Enfin, il y a le benjamin Gaston-Jules Jacquin, qui n'est pas répertorié par la base Léonore des membres de la Légion d'honneur, mais qui se sera rendu le plus fameux. Né à Wassy le 20 février 1871, élève au collège de sa ville natale, il est maréchal des logis lorsqu'il est admis, en 1895, à l'école militaire de l'artillerie et du génie. Sous-lieutenant dans une compagnie auxiliaire d'ouvriers, au Soudan, Jacquin est promu lieutenant d'artillerie de marine à compter du 1er avril 1898. Selon l'historique du 2e régiment de tirailleurs sénégalais, il se distingue d'abord le 23 juillet 1898 contre Saranké-Mory. Puis il appartient à la colonne de 220 hommes du capitaine Gouraud chargée de mettre fin à la rébellion du chef Samory Touré. Le 29 septembre 1898, les militaires le surprennent. Samory, selon cet historique, «se sauve en courant sans prendre le temps de s'armer. Reconnu à sa haute taille et à sa chechia rouge ornée d'un turban bleu, il est poursuivi à outrance par les tirailleurs du sergent Bratières et bientôt, épuisé, s'assied en disant : «Tuez-moi». Le sergent Bratières le saisit et le remet au lieutenant Jacquin accouru avec sa section». Cette capture est considérée comme l'un des faits d'armes les plus importants de la conquête du Soudan (notre photo, collection BNF)
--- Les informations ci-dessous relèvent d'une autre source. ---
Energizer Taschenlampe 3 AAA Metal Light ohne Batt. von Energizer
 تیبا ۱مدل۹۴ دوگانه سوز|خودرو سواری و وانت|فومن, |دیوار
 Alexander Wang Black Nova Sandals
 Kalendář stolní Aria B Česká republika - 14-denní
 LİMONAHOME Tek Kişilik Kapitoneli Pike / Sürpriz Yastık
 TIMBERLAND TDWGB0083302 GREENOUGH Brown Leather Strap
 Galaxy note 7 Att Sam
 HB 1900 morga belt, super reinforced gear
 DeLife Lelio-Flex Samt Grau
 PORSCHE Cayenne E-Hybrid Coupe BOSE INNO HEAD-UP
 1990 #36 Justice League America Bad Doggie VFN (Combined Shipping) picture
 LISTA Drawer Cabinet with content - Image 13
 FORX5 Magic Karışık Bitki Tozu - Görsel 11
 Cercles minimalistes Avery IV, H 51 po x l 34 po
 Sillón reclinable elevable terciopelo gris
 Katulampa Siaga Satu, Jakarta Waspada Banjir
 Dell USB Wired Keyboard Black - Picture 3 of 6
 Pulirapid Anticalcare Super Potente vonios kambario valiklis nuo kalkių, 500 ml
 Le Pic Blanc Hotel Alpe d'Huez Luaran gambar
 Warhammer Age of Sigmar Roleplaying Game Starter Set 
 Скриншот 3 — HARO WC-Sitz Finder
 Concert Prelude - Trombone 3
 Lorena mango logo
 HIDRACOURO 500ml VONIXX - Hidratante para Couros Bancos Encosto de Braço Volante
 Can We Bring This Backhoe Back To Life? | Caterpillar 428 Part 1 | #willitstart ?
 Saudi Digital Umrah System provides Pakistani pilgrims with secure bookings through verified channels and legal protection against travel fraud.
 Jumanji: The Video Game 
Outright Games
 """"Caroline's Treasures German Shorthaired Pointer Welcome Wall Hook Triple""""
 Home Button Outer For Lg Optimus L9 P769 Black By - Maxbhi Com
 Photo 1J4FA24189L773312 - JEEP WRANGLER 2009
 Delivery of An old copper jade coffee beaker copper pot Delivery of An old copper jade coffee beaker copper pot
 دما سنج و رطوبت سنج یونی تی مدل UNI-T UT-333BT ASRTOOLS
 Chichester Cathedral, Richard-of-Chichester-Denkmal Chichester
Dès le 17 octobre 1898, le journal Le Figaro, en évoquant ce fait d'armes, rappelle les exploits des trois frères Jacquin, indiquant que Paul est au Tonkin et Léon à Brest.
Par décret du 24 octobre 1898, Gaston Jacquin est fait, à seulement 27 ans, chevalier de la Légion d'honneur (comme le seront ses deux frères). On précisera à son sujet : «Sept ans de services, cinq campagnes dont trois de guerre. Faits de guerre au Soudan. S'est emparé lui-même de Samory à la course.»
Le 26 février 1899, le capitaine Vieillescaze, président de la 314e section de vétérans de Wassy, remet un sabre d'honneur, aux armes de la cité, au lieutenant Gaston Jacquin, «vainqueur de Samory».
Marié à Lorient en 1905, le benjamin des Jacquin est capitaine, commandant la 2e batterie du 1er groupe du 1er RAC au début de la guerre. Il a ainsi l'occasion de se battre non loin de Wassy, lors de la bataille de la Marne, entre Vitry-le-François et Saint-Dizier. A titre temporaire, Jacquin est promu chef d'escadron pour compter du 21 mars 1915 (il a 44 ans), prenant la tête du 2e groupe du 1er RAC, commandement qu'il conservera jusqu'en 1918. Officier de la Légion d'honneur le 20 novembre 1915 après s'être distingué en septembre («brillant soldat, d'un courage à toute épreuve»), titularisé le 26 décembre 1915 en remplacement du chef d'escadron Roux, le Wasseyen est blessé le 20 septembre 1917 au Chemin des Dames.
Puis il se distingue lors de l'attaque du fort de la Pompelle près de Reims (1918), ce qui vaudra à son groupe d'être proposé pour une citation à l'ordre de l'armée (le 1er RAC l'obtiendra). Par ordre du 19 août 1918, Jacquin, commandant le II/1er RAC, est cité à l'ordre de l'armée comme un «commandant de groupe d'un entrain et d'une énergie exceptionnels. A obtenu des résultats particulièrement brillants, les 1er et 18 juin, les 16, 23 et 25 juillet».
Après guerre, le Haut-Marnais, qui sert en Indochine, notamment en 1921, passe lieutenant-colonel d'active le 24 septembre 1924, reste au 111e régiment d'artillerie coloniale, lorsqu'il est proposé pour le grande de colonel en 1928. Mis à la retraite, il est maintenu comme colonel de réserve au centre de mobilisation d'artillerie coloniale n°31, en 1930.
Trois fois cité à l'ordre de l'armée durant la Grande Guerre, Gaston Jacquin décède à Lorient en 1961, comme son frère quelques décennies plus tôt.